To find such a boat—one that possessed many desirable points in a small hull—had been with me a study of years. I commenced to search for it in my boyhood—twenty-five years ago; and though I have carefully examined numerous small boats while travelling in seven foreign countries, and have studied the models of miniature craft in museums, and at exhibitions of marine architecture, I failed to discover the object of my desire, until, on the sea-shore of New Jersey, I saw for the first time what is known among gunners as the Barnegat sneak-box.
Having owned, and thoroughly tested in the waters of Barnegat and Little Egg Harbor bays, five of these boats, I became convinced that their claims for the good-will of the boating fraternity had not been over-estimated; so when I planned my second voyage from northern America to the Gulf of Mexico, and selected the great water-courses of the west and south (the Ohio and Mississippi rivers) as the route to be explored and studied, I chose the Barnegat sneak-box as the most comfortable model combined with other advantages for a voyager's use. The sneak-box offered ample stowage capacity, while canoes built to hold one person were not large enough to carry the amount of baggage necessary for the voyage; for I was to avoid hotels and towns, to live in my boat day and night, to carry an ample stock of provisions, and to travel in as comfortable a manner as possible. In fact, I adopted a very home-like boat, which, though only twelve feet long, four feet wide, and thirteen inches deep, was strong, stiff, dry, and safe; a craft that could be sailed or rowed, as wind, weather, or inclination might dictate,—the weight of which hardly exceeded two hundred pounds,—and could be conveniently transported from one stream to another in an ordinary wagon.
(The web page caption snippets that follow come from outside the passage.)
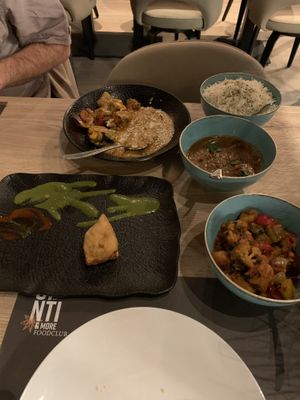 Different dishes for example samosas   at Ginti and More in Cologne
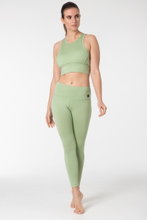 super natural Sporthose Super Tights (Merinowolle, weicher Tragekomfort, atmungsaktiv) enganliegend hellgrün Damen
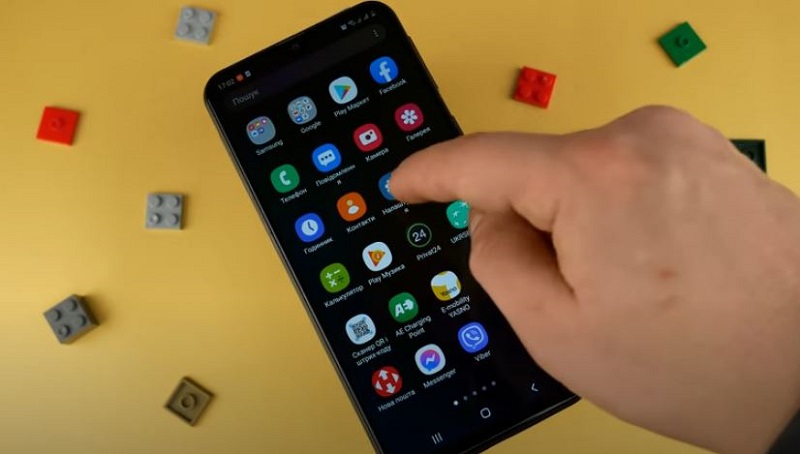 Смартфоны со стеклянным корпусом стали трендовыми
A Nautilus, or any improved type of canoe, would have been lighter and more easily transported, and could have been paddled at a higher speed with the same effort expended in rowing the heavier sneak-box; but the canoe did not offer the peculiar advantages of comfort and freedom of bodily motion possessed by its unique fellow-craft. Experienced canoeists agree that a canoe of fourteen feet in length, which weighs only seventy pounds, if built of wood, bark, canvas, or paper, when out of the water and resting upon the ground, or even when bedded on some soft material, like grass or rushes, cannot support the sleeping weight of the canoeist for many successive nights without becoming strained.
Light indeed must be the weight and slender and elastic the form of the man who can sleep many nights comfortably in a seventy-pound canoe without injuring it. Cedar canoes, after being subjected to such use for some time, generally become leaky; so, to avoid this disaster, the canoeist, when threatened with wet weather, is forced to the disagreeable task of troubling some private householder for a shelter, or run the risk of injuring his boat by packing himself away in its narrow, coffin-like quarters and dreaming that he is a sardine, while his restless weight is every moment straining his delicate canoe, and visions of future leaks arise to disturb his tranquillity.
The one great advantage possessed by a canoe is its lightness. Canoeists dwell upon the importance of the LIGHT WEIGHT of their canoes, and the ease with which they can be carried. If the canoeist is to sleep in his delicate craft while making a long journey, she must be made much heavier than the perfected models now in use in this country, many of which are under seventy-five pounds' weight. This additional weight is at once fatal to speed, and becomes burdensome when the canoeist is forced to carry his canoe upon his OWN shoulders over a portage. A sneak-box built to carry one person weighs about three times as much as a well-built cedar canoe.